Haney: Oh, it makes a lot of sense. And I will tell you this, when I was a sergeant, and a staff sergeant, and a sergeant first class, a platoon sergeant and a squad leader, a team leader in Delta, I had my job that I had to focus on. I had to believe that those people who had been either voted for by the American public to take charge, be the senior leaders, were doing the right thing. I have to believe that. And a soldier absolutely has to believe that. Otherwise he can't go about he does.

Tavis: But when you know they're not, that's the point I'm trying to make. When you know they're not. When they're really not trying to figure out how we live at peace, but it's about retaliation or political agenda or whatever else, how do you stay on focus?

Haney: If you're an enlisted man, you know that I must do it for the term of enlistment, and then I can vote with my feet.
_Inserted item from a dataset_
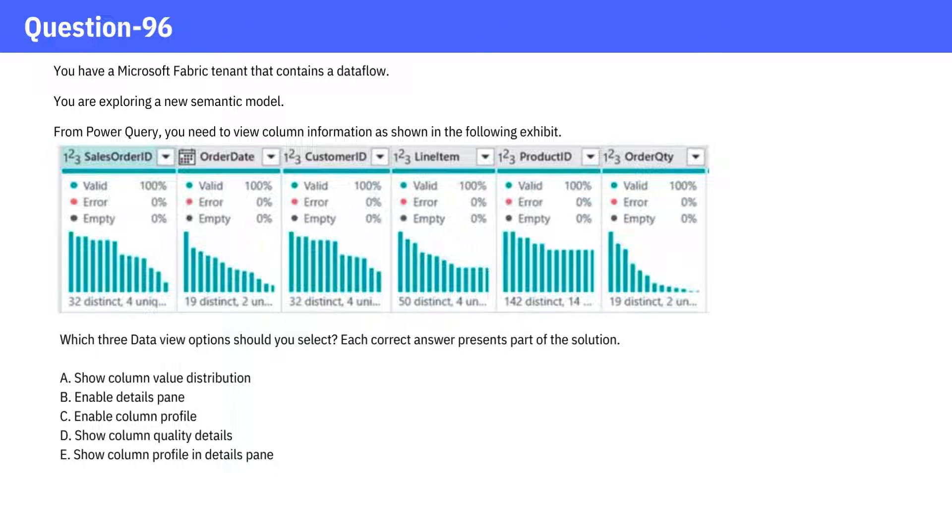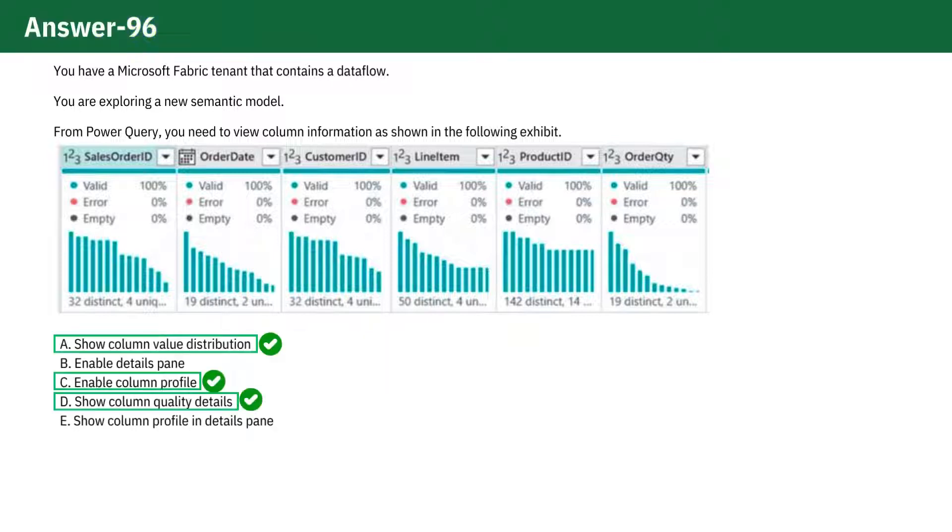I suggest pausing the video to give it some thought before checking the answer. The correct answers are A, C, and D.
If I'm not satisfied with it. If I ever come to the place and say I just cannot perform this, I don't believe in the mission, then at the end of your enlistment, you go do something else. An officer can resign a commission if they feel that strongly about it.

I don't know that we're going to get anyplace close to that now, but we see with the generals speaking out, that, to the men speaking out, that's an extreme form. Nobody's patting those gentlemen on the back over their expressions, nor anyone else who speaks in opposition to the way things are going right now.
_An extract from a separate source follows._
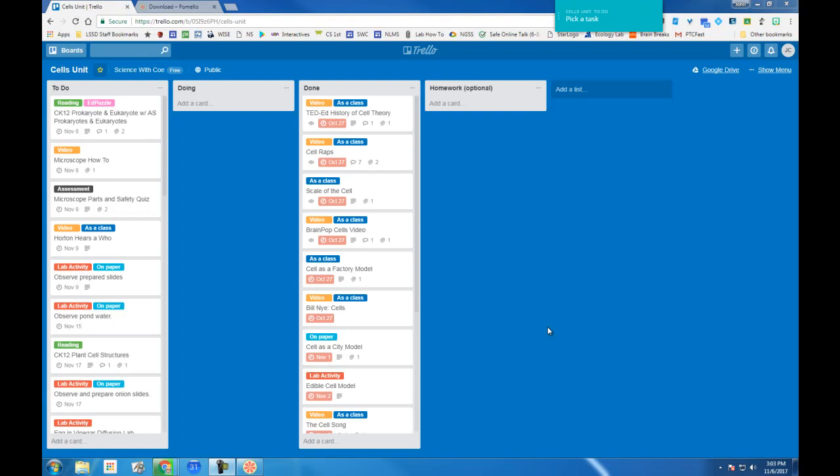Introducing you to the extension Pomelo. You already know that one of the things we use in class that I love as a teacher, and hopefully students learn to love as well to manage their time, is Trello.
So a soldier, it's a tough one. And sometimes you have to say I swore an oath of enlistment. I believe that I am doing what I said I would do to support and defend the Constitution of the United States. Which, when we say Constitution, what we're saying is the American people. The desires of the American people.

Tavis: If I'm getting too deep just slap, well, don't slap me.
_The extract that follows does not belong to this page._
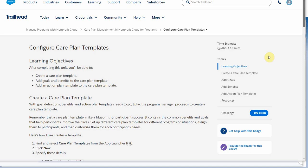This is continuing the journey through the Manage Programs with Nonprofit Cloud trail and specifically Care Plan Management within Nonprofit Cloud. And now we're going to be configuring Care Plan templates.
Haney: No, I wouldn't do that. (Laugh)

Tavis: (Laugh) If I'm getting too personal, just back me up, and I'll ease back.

Haney: All right.

Tavis: Without asking for any details unless you choose to give them to this conversation now, were you ever on a particular mission as a member of Delta where you were a conscientious objector while you were fulfilling the mission?

Haney: I would say I was never a conscientious objector. But there were occasions when I would ask myself, is this worth dying for? Is this worth the death of my comrades or my men on my team, these men that I've spent my life with? And sometimes I would say, I don't really think so. I don't really think so.

Tavis: Back to "The Unit.' You mentioned earlier you guys are doing all kinds of shows about a variety of issues on this great new hit drama. On the other hand, I wonder, how do I wanna phrase this? I wonder as we continue to learn every day more and more about what our military is doing, and back to your point, when generals are coming out who were involved in this effort and asking for Mr. Rumsfeld's resignation, etcetera, etcetera.

When we see that kind of stuff happening and we read more about the intelligence, what we thought we knew that we really didn't know, etcetera, etcetera, I wonder whether or not if the truth came out today as we sit here, about what Delta does today and how they go about doing what they do, Guantanamo Bay comes to mind, would we, as the American people, be able to handle, to stomach, or condone what it is they do, and how they go about doing it?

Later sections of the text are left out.